** Opening LISTED RECORDS block **

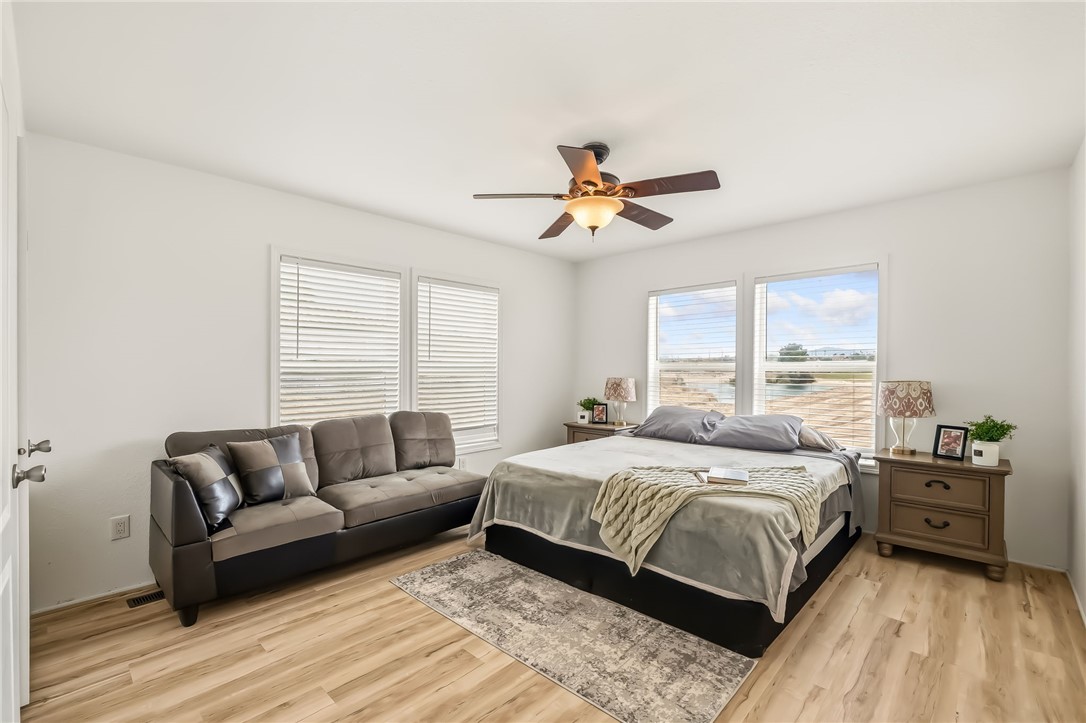 1286 Dike Road Mohave Valley, AZ 86440 - Photo 25 of 35 a bedroom with a bed a couch and a window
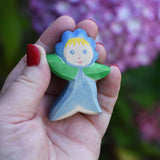 An Ostheimer hand made and hand painted wooden forget-me-not Flower Child figure toy held in an adult's hand to show scale. These flower child wooden figures are part of a wide range of expertly hand crafted wooden toys here at Babipur. 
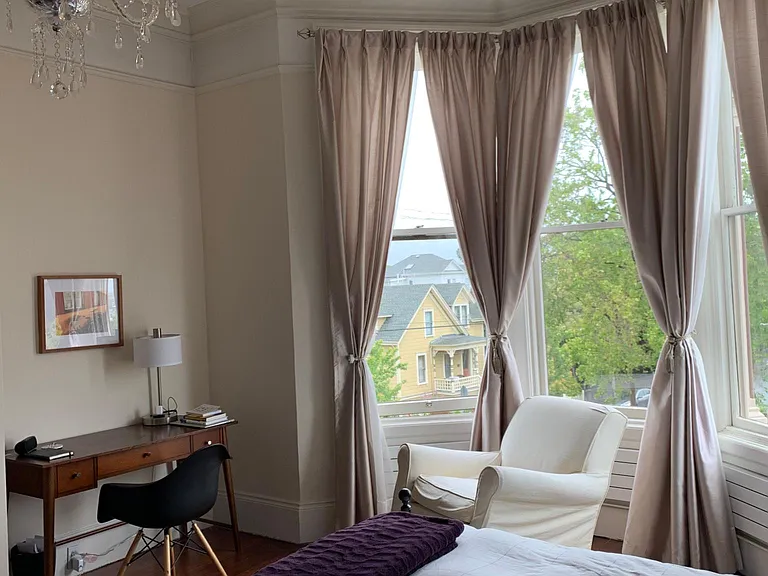 There is room for sitting area and furniture in the front room. Here it's used as the bedroom.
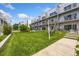 Relaxing courtyard with grassy area and hanging chairs at 2525 Arapahoe St # Rd108, Denver, CO 80205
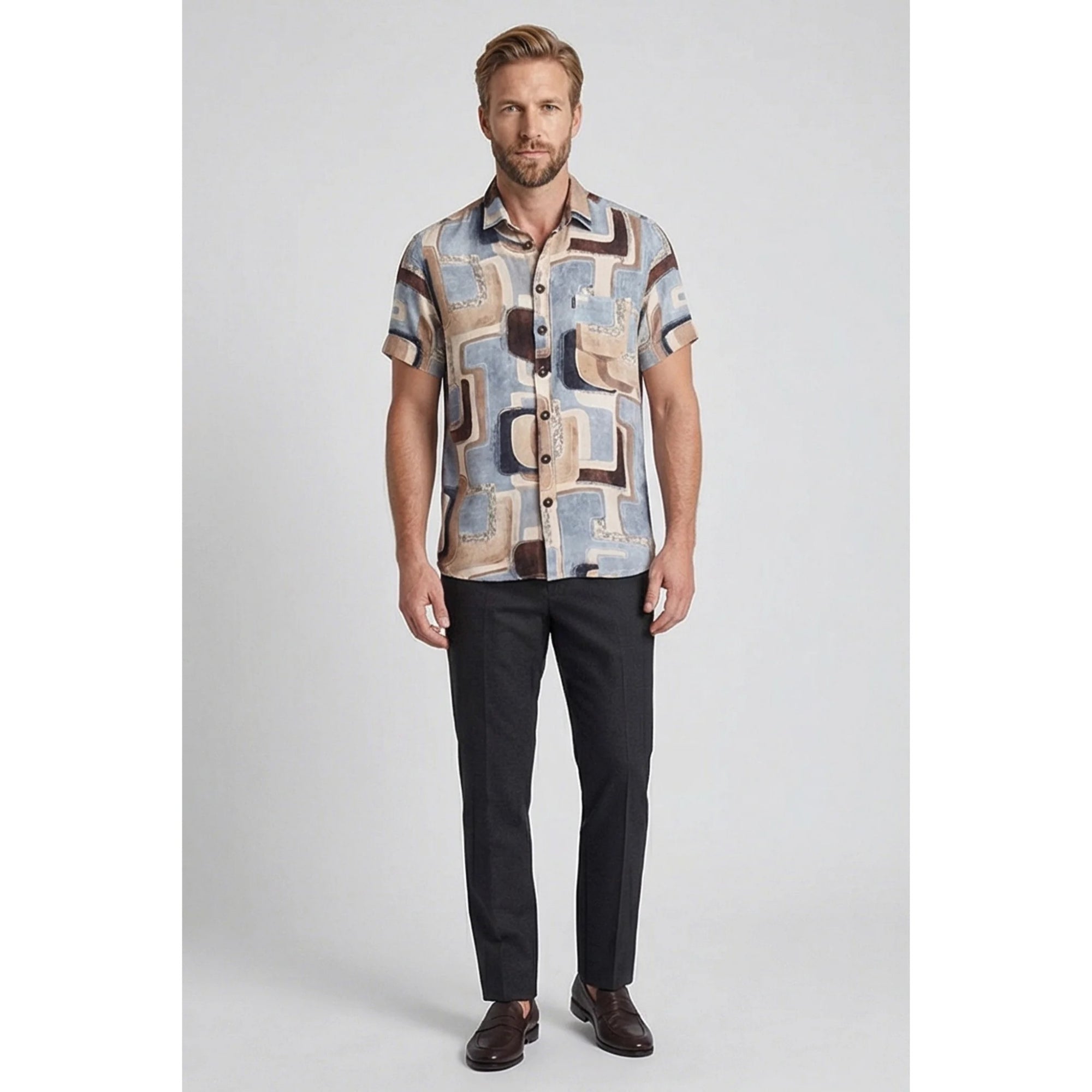 Man wearing a patterned shirt and dark pants on a gray background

** Closing LISTED RECORDS block **

# [WORK TO BE COMPLETED]
Copy the line showing "Relaxing courtyard with" exactly, along with each line after it through the end of the material above. Pictures stay out.

# [YOUR SOLUTION]
 Relaxing courtyard with grassy area and hanging chairs at 2525 Arapahoe St # Rd108, Denver, CO 80205
 Man wearing a patterned shirt and dark pants on a gray background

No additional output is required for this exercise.